The already bloody stand-off has the potential to turn uglier still. Five skinheads were arrested last week attempting to sneak past the police into the cabin. They were carrying rifles, semi-automatic weapons and a banner proclaiming the start of the white revolution.

Support for Weaver, a religious fanatic who four years ago ran for county sheriff as a Republican, has also come from the Aryan Nation, a racist group whose international headquarters are in a small church at Hayden Lake, about 60 miles south of Naples. Weaver has flirted with the neo-Nazi group, led by a 74-year-old ex-Lockheed engineer, but rejected it, apparently because he felt it was too moderate.

On Thursday, a new figure arrived on the scene in the swashbuckling form of Lt-Col James 'Bo' Gritz, from Nevada. Gritz, 53, is a retired Green Beret, a much-decorated Vietnam veteran, an author, and a ferociously right-wing independent candidate in the forthcoming presidential election. Gritz knows Weaver through military connections - Weaver was also in the special forces - so he flew to Idaho in the hope of acting as a mediator.
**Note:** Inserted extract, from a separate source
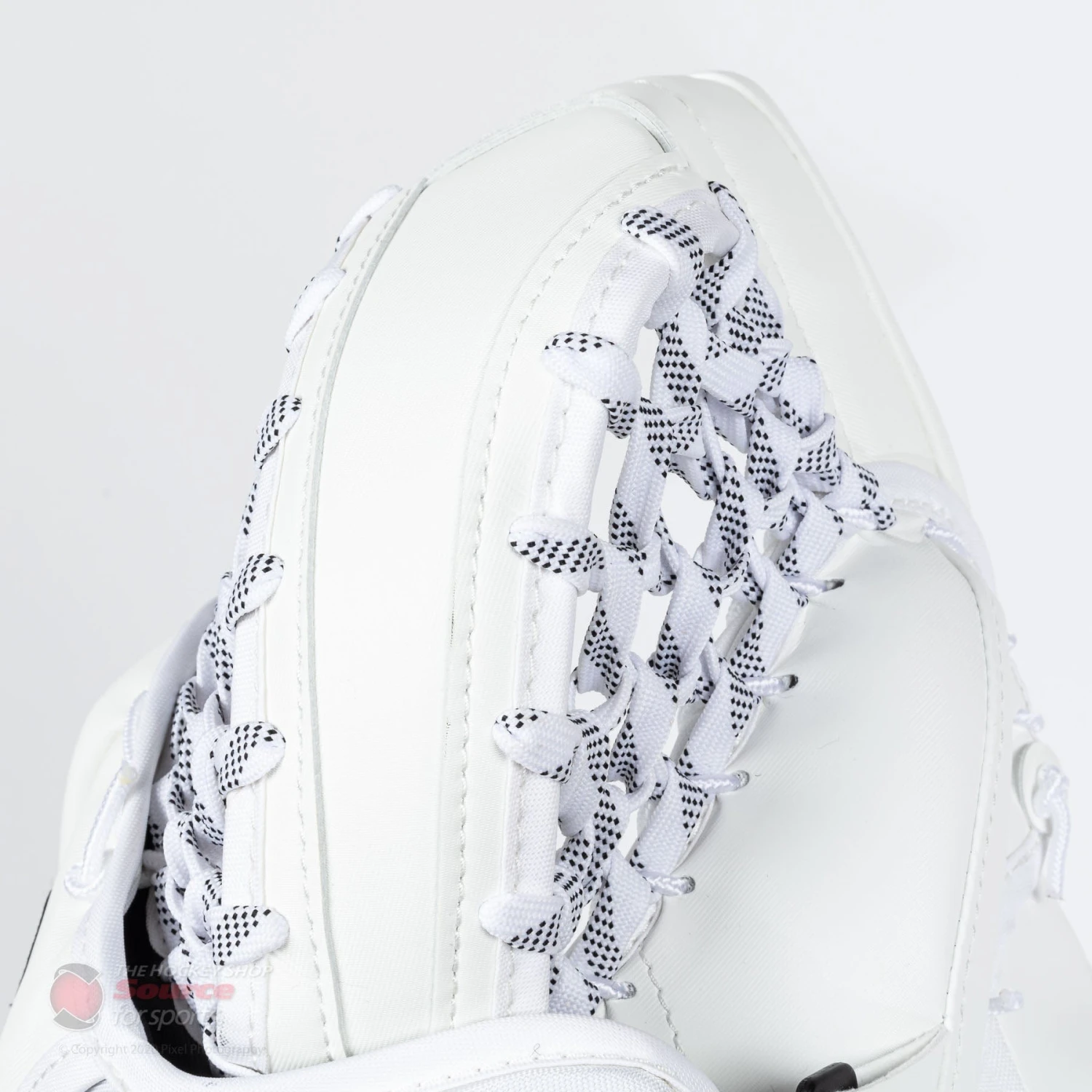 CCM Axis A1.9 Intermediate Goalie Catcher - Source Exclusive - Image 5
His intervention did not impress the police. The former commando was unceremoniously told to go away, and was at first refused permission to attempt to speak to the Weavers. Gritz, who claims to have been used as a model for characters in the Vietnam war movie Uncommon Valor, was furious. Yesterday, the authorities relented and allowed him to speak to Weaver by megaphone.

What will happen next is unclear. So far the besiegers have held back, worried that if they storm the cabin they may harm Weaver's children, who include a nine-month-old girl and two other daughters aged 11 and 16. Weaver has vowed to die rather than submit to arrest.